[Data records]
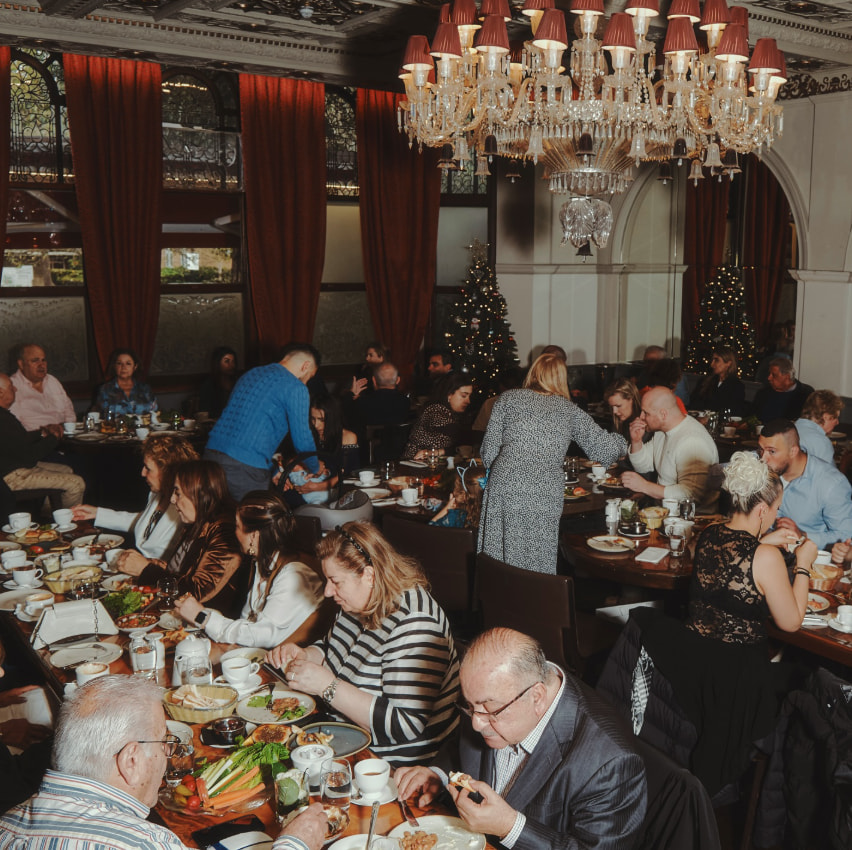 Dine in London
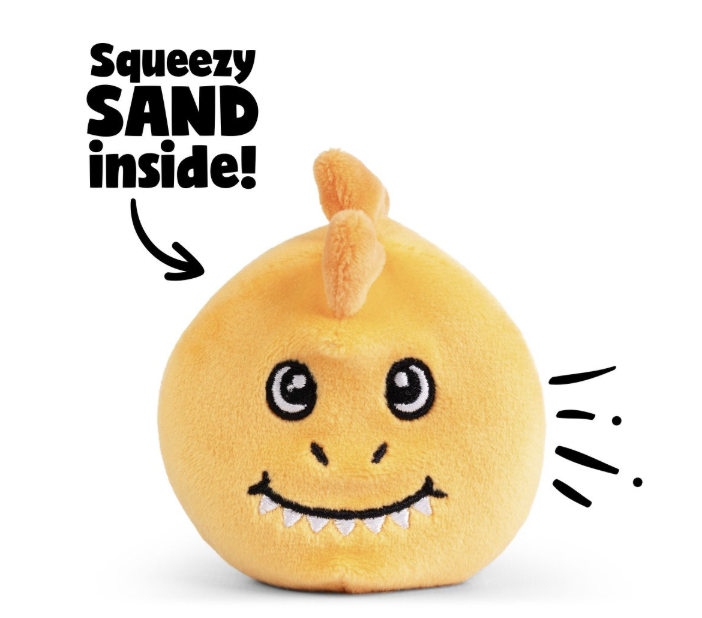 Dino Sand Plushies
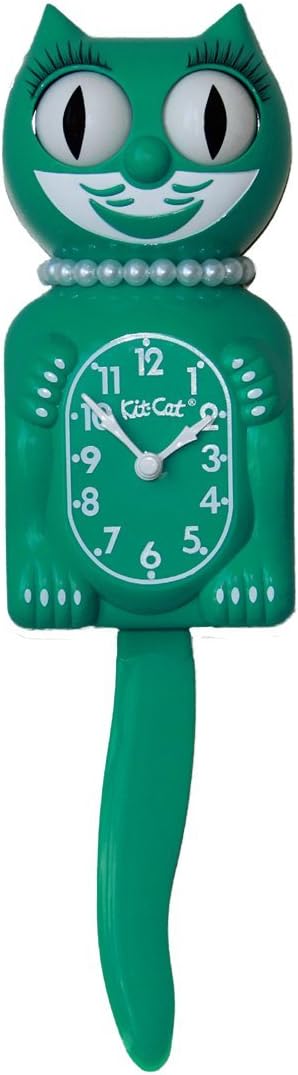 Black Kit-Cat Klock Pack of 2 W3473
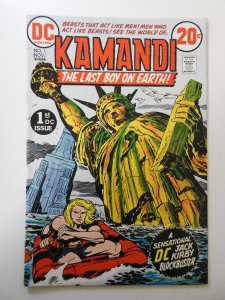 Kamandi, The Last Boy on Earth #1 (1972) VG/FN Condition! rust on staples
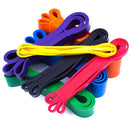 Instinct Blue – Set Bandas Resistencia Goma | Fitness y Bodybuilding | Gym Mujer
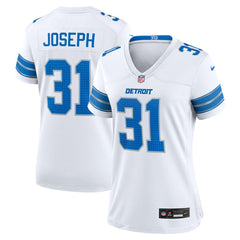 Kerby Joseph Detroit Lions Women's Game Jersey - White | Nike cheap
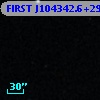 FIRST J104342.6+292404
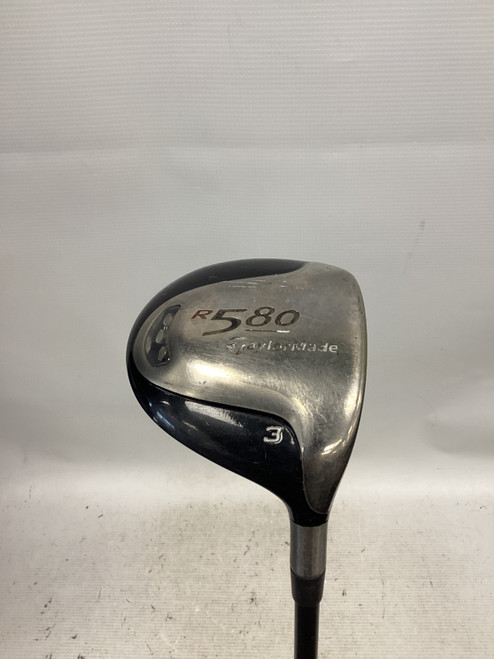 Vist Large View of Product Image Which is Used Taylormade R580 Mens Fairway Wood RH 3 Wood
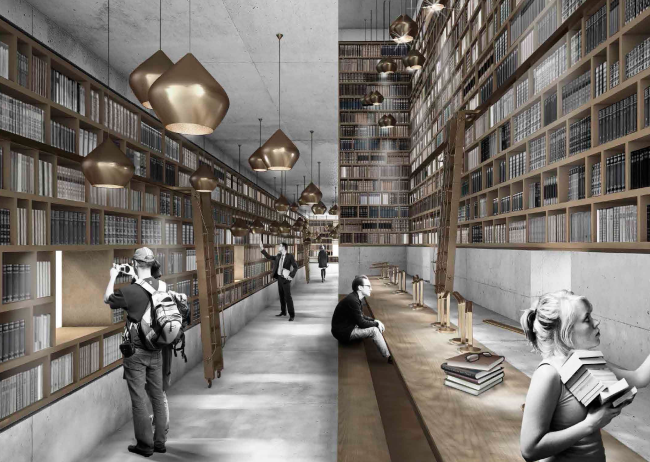 ��������-���������� �������� � ������������. [A+M]² Architects (������)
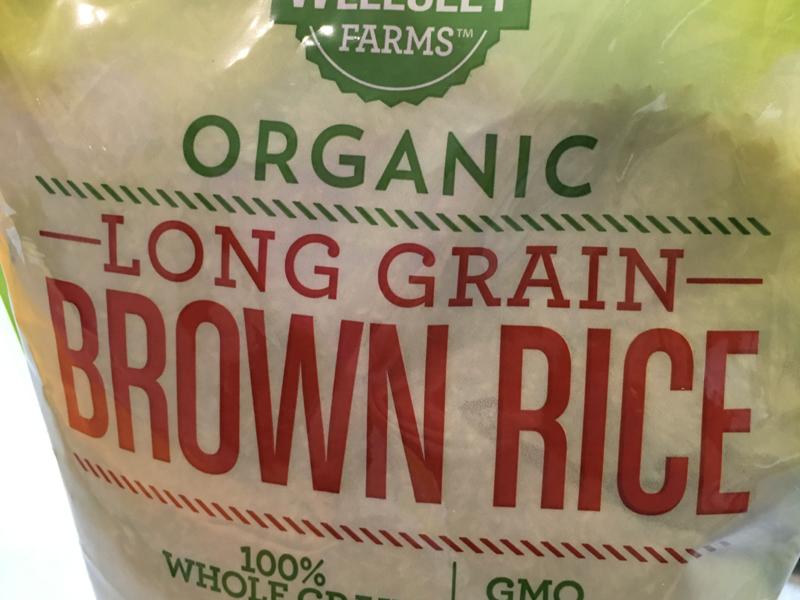 Yoga Brown Rice Nutrition Facts - Eat This Much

- [WHAT THE EXERCISE ASKS]: Starting with the first line of the data above, write out each line exactly up to and including the line that holds "Instinct Blue –". Pictures stay out.

- [ANSWER SECTION]:
 Dine in London
 Dino Sand Plushies
 Black Kit-Cat Klock Pack of 2 W3473
 Kamandi, The Last Boy on Earth #1 (1972) VG/FN Condition! rust on staples
 Instinct Blue – Set Bandas Resistencia Goma | Fitness y Bodybuilding | Gym Mujer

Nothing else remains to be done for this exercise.